3) Joel Caleb is coming to Virginia Tech to be a wide receiver, but his entire highlight film is him playing QB (popgun arm). He looks like an outstanding athlete with great straight ahead speed. He isn't very shifty, but he has what looks like a top speed and then an extra burst. Watching him run a QB zone-read looks just like DJ Coles running a WR screen. Their body types are identical, and Caleb is defintely faster and more elusive. I could see him returning kicks right away, and even playing some Wildcat QB after Logan Thomas departs. Unlike Blue, when you watch the film you know who you are supposed to be watching without an arrow.
I have no idea if he can catch or tackle (no film of him doing either), but I guess the Hokie staff thinks they will be weaker when Coles, Roberts, and Davis leave than they will be in the defensive secondary. The kid defintely has five star tools. Can he pick up the nuance of the receiver position (route running, timing, catching the ball at the highest point, site adjustments?) The Hokie coaching staff doesn't have the best track record of making talented athletes better as receivers, so let's keep our fingers crossed. He has the ability to be a star wherever they put him, but can they polish his game? I'd love to see him as a ballhawking rover if he can tackle.

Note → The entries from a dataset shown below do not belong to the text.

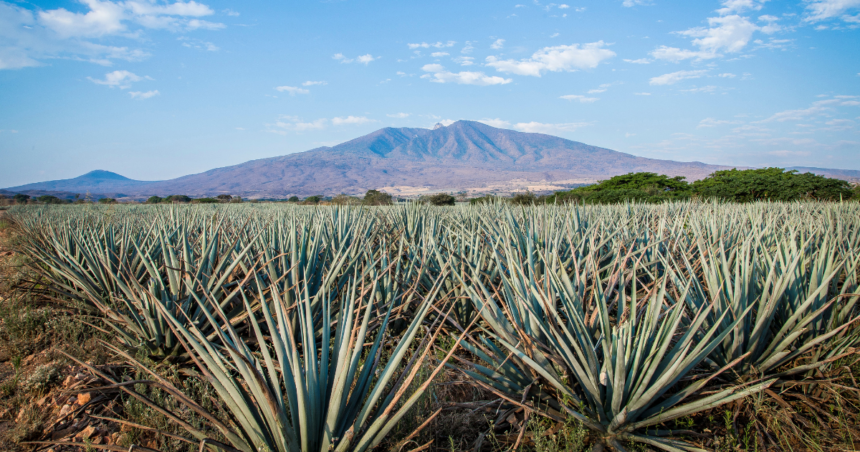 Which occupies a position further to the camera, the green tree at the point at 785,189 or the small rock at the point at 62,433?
the green tree at the point at 785,189

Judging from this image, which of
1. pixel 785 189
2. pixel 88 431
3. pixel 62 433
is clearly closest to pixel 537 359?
pixel 88 431

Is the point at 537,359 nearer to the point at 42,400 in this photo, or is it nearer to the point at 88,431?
the point at 88,431

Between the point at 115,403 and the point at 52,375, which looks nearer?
the point at 115,403

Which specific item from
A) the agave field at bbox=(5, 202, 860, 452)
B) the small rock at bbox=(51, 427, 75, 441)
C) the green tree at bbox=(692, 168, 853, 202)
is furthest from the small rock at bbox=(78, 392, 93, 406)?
the green tree at bbox=(692, 168, 853, 202)

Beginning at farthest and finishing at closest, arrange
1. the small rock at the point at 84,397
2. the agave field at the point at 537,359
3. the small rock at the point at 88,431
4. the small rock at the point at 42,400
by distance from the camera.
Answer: the small rock at the point at 42,400 → the small rock at the point at 84,397 → the small rock at the point at 88,431 → the agave field at the point at 537,359

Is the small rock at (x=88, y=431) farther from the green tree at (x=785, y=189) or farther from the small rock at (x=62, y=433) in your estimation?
the green tree at (x=785, y=189)

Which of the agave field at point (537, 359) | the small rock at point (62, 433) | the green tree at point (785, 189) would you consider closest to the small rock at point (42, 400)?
the small rock at point (62, 433)

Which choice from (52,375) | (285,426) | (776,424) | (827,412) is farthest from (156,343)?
(827,412)

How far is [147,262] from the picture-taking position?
2402 millimetres

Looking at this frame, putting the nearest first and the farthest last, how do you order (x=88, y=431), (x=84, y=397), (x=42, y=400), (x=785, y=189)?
(x=88, y=431), (x=84, y=397), (x=42, y=400), (x=785, y=189)

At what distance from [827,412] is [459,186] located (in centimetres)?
13868

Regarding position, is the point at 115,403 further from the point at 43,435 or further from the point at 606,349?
the point at 606,349

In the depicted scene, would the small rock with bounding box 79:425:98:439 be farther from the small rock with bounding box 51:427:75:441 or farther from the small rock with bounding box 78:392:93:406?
the small rock with bounding box 78:392:93:406

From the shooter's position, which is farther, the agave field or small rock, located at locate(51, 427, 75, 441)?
small rock, located at locate(51, 427, 75, 441) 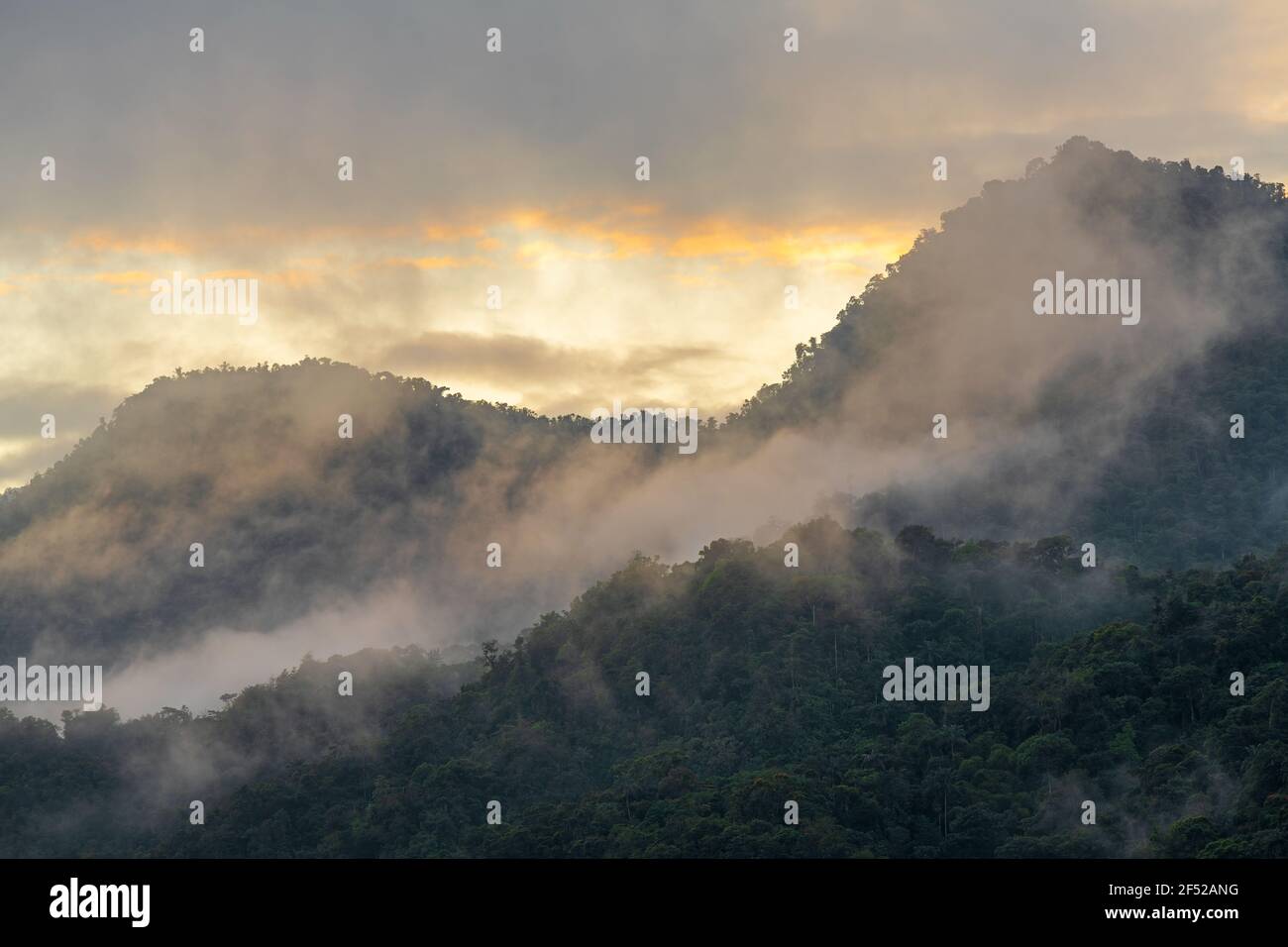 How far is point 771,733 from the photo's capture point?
182 feet

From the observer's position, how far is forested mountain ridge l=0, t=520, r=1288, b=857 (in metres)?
45.2

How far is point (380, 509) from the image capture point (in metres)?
109

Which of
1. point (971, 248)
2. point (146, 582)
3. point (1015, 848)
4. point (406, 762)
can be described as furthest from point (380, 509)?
point (1015, 848)

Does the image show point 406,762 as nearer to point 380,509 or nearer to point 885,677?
point 885,677

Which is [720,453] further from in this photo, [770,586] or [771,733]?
[771,733] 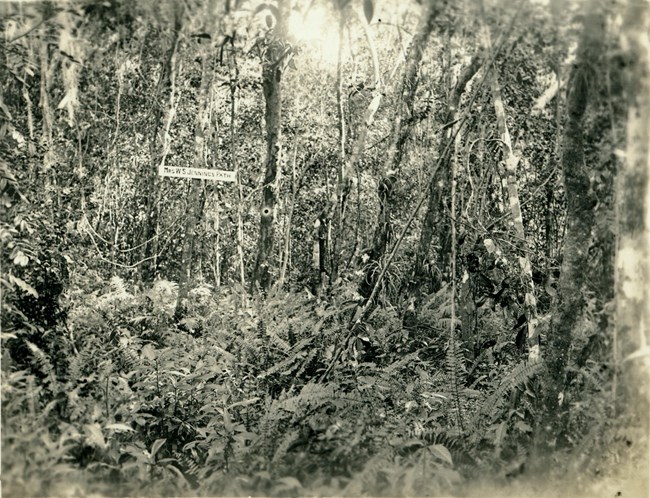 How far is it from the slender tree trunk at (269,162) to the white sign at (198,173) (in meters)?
0.31

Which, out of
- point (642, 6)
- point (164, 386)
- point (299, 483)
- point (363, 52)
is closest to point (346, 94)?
point (363, 52)

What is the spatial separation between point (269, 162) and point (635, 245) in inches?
114

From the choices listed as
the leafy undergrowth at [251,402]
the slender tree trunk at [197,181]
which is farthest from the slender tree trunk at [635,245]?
the slender tree trunk at [197,181]

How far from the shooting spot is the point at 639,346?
4.21m

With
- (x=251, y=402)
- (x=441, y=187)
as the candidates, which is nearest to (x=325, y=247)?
(x=441, y=187)

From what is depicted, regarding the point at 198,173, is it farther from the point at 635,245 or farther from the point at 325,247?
the point at 635,245

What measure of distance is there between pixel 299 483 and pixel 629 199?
326 cm

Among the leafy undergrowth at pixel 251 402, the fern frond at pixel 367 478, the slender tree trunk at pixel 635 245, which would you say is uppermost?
the slender tree trunk at pixel 635 245

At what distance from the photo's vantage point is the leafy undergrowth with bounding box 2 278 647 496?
13.5 ft

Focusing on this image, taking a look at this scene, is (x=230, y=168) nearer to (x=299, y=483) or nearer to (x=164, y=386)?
(x=164, y=386)

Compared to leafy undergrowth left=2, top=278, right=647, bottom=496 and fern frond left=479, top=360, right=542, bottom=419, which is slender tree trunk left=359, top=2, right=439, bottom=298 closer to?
leafy undergrowth left=2, top=278, right=647, bottom=496

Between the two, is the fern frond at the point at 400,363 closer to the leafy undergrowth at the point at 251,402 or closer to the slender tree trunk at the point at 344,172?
the leafy undergrowth at the point at 251,402

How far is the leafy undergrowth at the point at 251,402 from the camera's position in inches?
162

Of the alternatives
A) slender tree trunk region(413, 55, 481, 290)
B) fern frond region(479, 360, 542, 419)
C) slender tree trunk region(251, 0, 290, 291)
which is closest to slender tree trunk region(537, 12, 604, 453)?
fern frond region(479, 360, 542, 419) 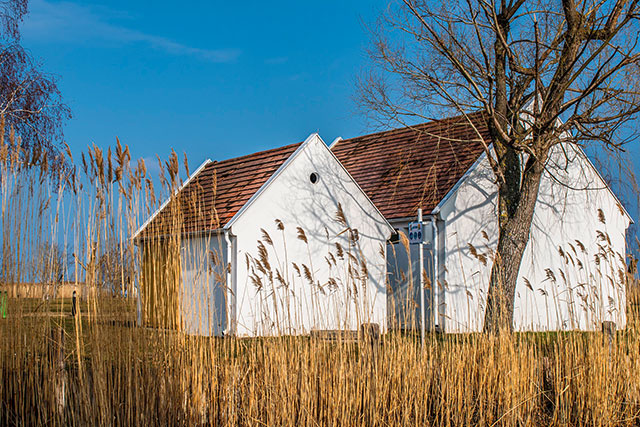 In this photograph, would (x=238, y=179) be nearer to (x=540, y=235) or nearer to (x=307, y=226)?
(x=307, y=226)

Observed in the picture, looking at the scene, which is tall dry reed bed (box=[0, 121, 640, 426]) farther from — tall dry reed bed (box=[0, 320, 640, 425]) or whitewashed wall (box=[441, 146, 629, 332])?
whitewashed wall (box=[441, 146, 629, 332])

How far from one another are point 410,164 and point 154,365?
1346 cm

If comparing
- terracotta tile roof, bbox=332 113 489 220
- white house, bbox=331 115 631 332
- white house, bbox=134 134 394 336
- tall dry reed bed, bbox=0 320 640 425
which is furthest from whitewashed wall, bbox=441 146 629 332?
tall dry reed bed, bbox=0 320 640 425

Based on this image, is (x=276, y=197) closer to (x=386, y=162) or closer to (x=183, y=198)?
(x=386, y=162)

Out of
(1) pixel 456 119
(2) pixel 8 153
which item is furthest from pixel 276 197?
(2) pixel 8 153

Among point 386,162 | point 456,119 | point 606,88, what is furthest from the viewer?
point 386,162

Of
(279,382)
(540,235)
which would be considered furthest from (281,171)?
(279,382)

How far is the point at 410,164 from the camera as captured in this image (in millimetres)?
16891

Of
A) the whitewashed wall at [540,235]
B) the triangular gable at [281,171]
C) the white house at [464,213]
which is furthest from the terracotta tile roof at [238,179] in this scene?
the whitewashed wall at [540,235]

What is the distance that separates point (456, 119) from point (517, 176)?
8.11 ft

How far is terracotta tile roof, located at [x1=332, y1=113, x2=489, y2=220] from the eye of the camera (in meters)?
15.3

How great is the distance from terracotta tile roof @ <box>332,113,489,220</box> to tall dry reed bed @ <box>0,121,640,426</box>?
8950mm

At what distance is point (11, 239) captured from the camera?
15.0 ft

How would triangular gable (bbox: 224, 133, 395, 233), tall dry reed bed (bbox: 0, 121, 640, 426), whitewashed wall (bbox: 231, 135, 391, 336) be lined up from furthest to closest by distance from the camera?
whitewashed wall (bbox: 231, 135, 391, 336) < triangular gable (bbox: 224, 133, 395, 233) < tall dry reed bed (bbox: 0, 121, 640, 426) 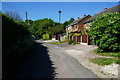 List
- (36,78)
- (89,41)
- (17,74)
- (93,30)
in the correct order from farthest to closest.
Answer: (89,41)
(93,30)
(17,74)
(36,78)

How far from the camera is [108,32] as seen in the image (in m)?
12.6

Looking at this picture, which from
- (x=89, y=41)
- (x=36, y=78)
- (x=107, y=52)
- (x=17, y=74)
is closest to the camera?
(x=36, y=78)

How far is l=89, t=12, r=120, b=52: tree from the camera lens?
12.4m

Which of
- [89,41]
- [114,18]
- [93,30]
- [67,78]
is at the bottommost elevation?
[67,78]

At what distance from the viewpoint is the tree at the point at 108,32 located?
12375mm

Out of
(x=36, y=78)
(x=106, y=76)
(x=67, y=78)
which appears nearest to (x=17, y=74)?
(x=36, y=78)

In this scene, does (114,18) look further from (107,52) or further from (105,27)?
(107,52)

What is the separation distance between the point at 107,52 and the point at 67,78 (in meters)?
8.73

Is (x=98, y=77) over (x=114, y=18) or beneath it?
beneath

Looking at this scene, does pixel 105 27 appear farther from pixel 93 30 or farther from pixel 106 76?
pixel 106 76

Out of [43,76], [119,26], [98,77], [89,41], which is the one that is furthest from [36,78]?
[89,41]

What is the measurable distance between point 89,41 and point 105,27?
29.3ft

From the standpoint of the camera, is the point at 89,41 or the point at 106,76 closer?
the point at 106,76

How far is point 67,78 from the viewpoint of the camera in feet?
19.6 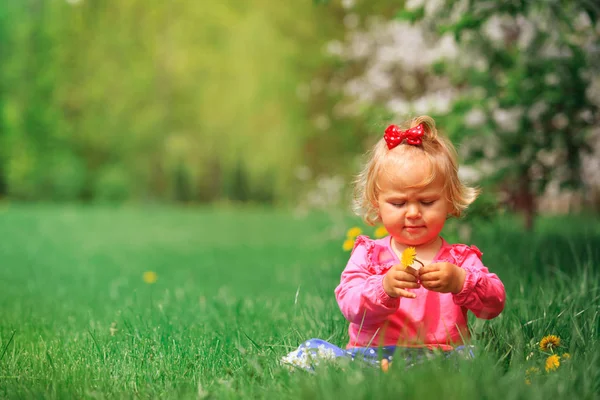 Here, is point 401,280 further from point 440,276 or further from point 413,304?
point 413,304

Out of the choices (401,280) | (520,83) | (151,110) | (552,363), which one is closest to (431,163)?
(401,280)

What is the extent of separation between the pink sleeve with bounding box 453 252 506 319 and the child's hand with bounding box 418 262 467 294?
0.06m

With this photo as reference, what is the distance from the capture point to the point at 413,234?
2281mm

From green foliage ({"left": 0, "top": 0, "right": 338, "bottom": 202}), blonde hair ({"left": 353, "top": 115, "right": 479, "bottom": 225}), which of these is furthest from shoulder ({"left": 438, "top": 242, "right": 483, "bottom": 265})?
green foliage ({"left": 0, "top": 0, "right": 338, "bottom": 202})

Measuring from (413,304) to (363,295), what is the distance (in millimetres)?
233

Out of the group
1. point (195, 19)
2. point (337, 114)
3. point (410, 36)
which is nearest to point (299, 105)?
point (337, 114)

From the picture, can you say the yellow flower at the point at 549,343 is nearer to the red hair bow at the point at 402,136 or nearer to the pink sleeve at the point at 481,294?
the pink sleeve at the point at 481,294

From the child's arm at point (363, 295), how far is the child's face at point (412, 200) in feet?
0.56

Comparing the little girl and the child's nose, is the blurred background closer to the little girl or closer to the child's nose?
the little girl

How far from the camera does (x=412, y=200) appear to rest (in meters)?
2.26

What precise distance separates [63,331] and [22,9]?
63.4ft

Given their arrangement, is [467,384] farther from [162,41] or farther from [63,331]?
[162,41]

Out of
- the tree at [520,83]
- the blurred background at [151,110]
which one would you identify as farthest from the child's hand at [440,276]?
the blurred background at [151,110]

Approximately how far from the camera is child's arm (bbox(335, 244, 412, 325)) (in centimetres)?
213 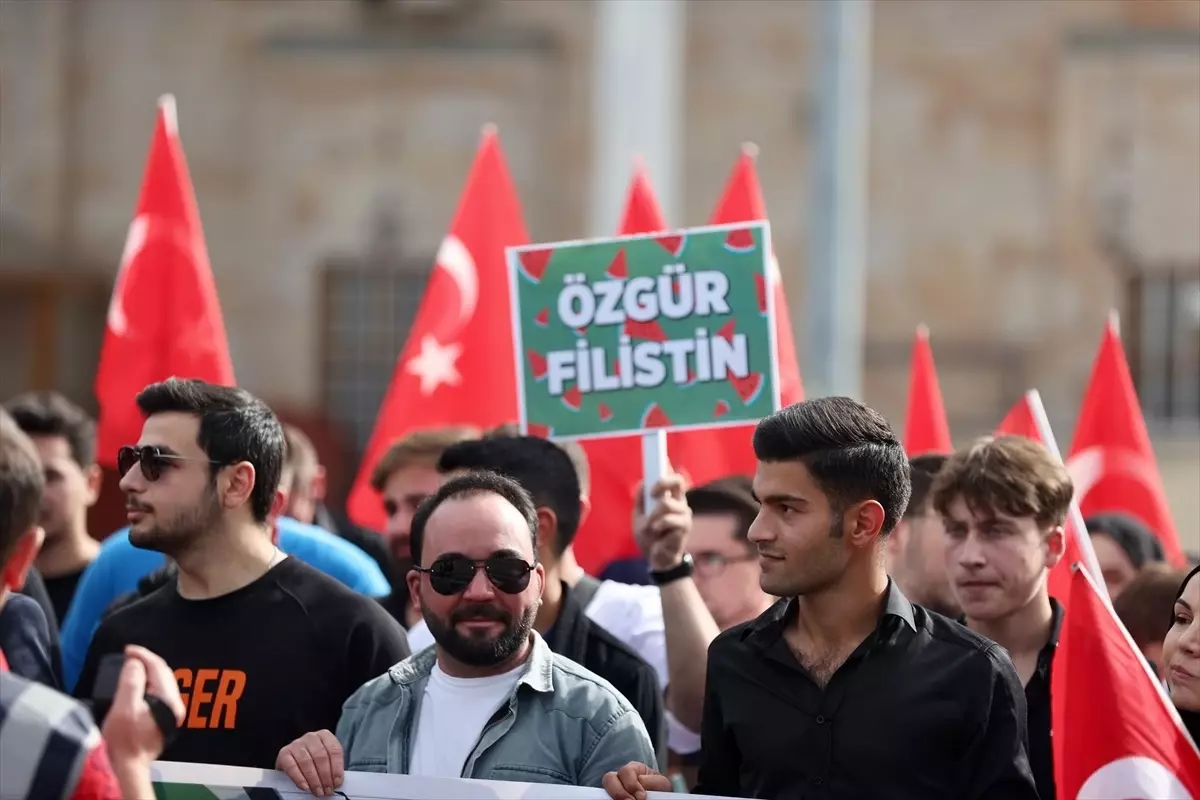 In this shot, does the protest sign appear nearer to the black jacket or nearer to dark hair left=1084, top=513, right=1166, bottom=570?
the black jacket

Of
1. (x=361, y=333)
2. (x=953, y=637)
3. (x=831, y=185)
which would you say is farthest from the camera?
(x=361, y=333)

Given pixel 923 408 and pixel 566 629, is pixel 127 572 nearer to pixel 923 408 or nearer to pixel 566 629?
pixel 566 629

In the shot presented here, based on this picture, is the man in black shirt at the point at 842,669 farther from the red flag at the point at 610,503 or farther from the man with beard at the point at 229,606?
the red flag at the point at 610,503

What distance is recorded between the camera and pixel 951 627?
3.61 metres

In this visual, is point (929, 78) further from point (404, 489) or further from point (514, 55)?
point (404, 489)

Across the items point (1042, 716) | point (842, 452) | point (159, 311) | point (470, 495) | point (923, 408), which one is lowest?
point (1042, 716)

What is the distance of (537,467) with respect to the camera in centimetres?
491

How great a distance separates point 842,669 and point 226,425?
5.27 feet

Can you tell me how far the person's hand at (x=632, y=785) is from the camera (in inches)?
143

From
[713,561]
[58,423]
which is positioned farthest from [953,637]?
[58,423]

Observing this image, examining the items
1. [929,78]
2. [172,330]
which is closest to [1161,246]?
[929,78]

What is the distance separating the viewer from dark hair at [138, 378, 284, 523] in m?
4.41

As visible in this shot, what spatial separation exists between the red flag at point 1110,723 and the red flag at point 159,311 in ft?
11.8

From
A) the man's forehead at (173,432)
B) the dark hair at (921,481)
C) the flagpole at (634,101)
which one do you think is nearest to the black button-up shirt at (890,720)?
the man's forehead at (173,432) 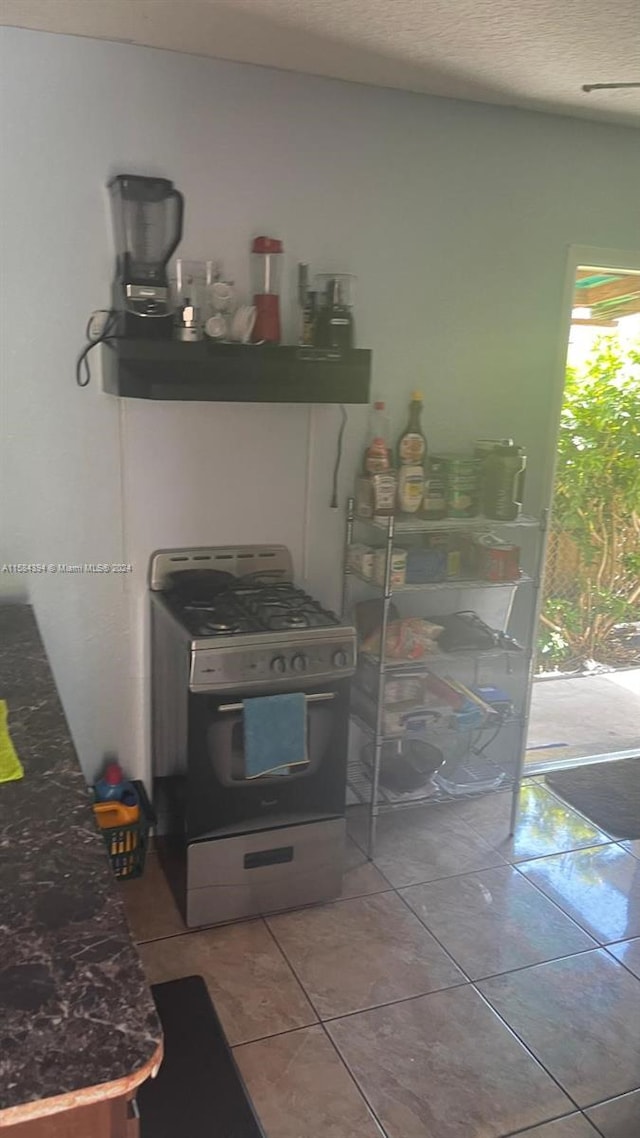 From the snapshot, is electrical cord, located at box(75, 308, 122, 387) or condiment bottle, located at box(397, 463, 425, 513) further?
condiment bottle, located at box(397, 463, 425, 513)

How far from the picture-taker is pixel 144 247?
2297mm

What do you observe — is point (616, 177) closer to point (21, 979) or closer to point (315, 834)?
point (315, 834)

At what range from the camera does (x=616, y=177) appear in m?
2.88

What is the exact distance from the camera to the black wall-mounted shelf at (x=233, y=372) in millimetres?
2154

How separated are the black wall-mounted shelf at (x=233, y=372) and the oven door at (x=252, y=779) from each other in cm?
80

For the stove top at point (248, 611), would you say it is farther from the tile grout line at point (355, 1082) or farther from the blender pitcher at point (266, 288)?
the tile grout line at point (355, 1082)

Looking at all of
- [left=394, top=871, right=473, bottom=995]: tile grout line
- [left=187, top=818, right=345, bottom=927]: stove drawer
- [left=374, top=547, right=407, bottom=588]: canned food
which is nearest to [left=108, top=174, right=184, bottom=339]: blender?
[left=374, top=547, right=407, bottom=588]: canned food

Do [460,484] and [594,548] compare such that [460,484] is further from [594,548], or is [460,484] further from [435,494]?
[594,548]

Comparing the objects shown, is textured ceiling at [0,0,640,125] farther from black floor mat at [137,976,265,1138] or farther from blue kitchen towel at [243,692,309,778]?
black floor mat at [137,976,265,1138]

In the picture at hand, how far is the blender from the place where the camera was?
2.21m

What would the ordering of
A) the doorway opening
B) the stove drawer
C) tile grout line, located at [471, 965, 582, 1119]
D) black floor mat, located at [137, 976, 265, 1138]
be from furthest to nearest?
the doorway opening, the stove drawer, tile grout line, located at [471, 965, 582, 1119], black floor mat, located at [137, 976, 265, 1138]

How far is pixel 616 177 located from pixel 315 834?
7.79ft

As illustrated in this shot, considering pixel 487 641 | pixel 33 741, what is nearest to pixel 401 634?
pixel 487 641

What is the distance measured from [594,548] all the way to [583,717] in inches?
31.1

4) I had the opportunity to see Ken Ekanem play against Hayfield this year, and I have been able to watch a lot of film. He is a tweener OLB/DE who will defintely be an end in the Hokie system. Ekanem moves all over the field, and has an explosive first step. He has great shoulder lean (the ability to use the edge of the shoulder pad as a fulcrum point to change your passrush angle and turn into the QB without being pushed too far upfield. He plays with decent pad level and reminds me of a more explosive JR Collins. He also could play tight end in a pitch and is probably right now a more polished receiving tight end than any returning Hokie.
What does he need to work on? There are two holes I see. One, in person, he looked like he didn't have a really great motor. He worked his tail off on the pass rush and one playside runs, but when the play went away from him, he didn't work really hard to get across. My other concern is his hand play. He used his speed and shoulders to get off blocks and pass rush. He keeps his hands low instead of using them to shed blockers. That won't work against top level competition (Stephen Friday never did learn how to use his hands to shed a block.) Still the Hokie staff doesn't need Ekanem to step in right away, so hopefully both he and Jarontay Jones/Woody Baron can develop and be devestating bookends down the road.
5) Oh Matty Ports. Unethical, unsubstantiated reporting only serves to kill your own aspirations. Silly goose.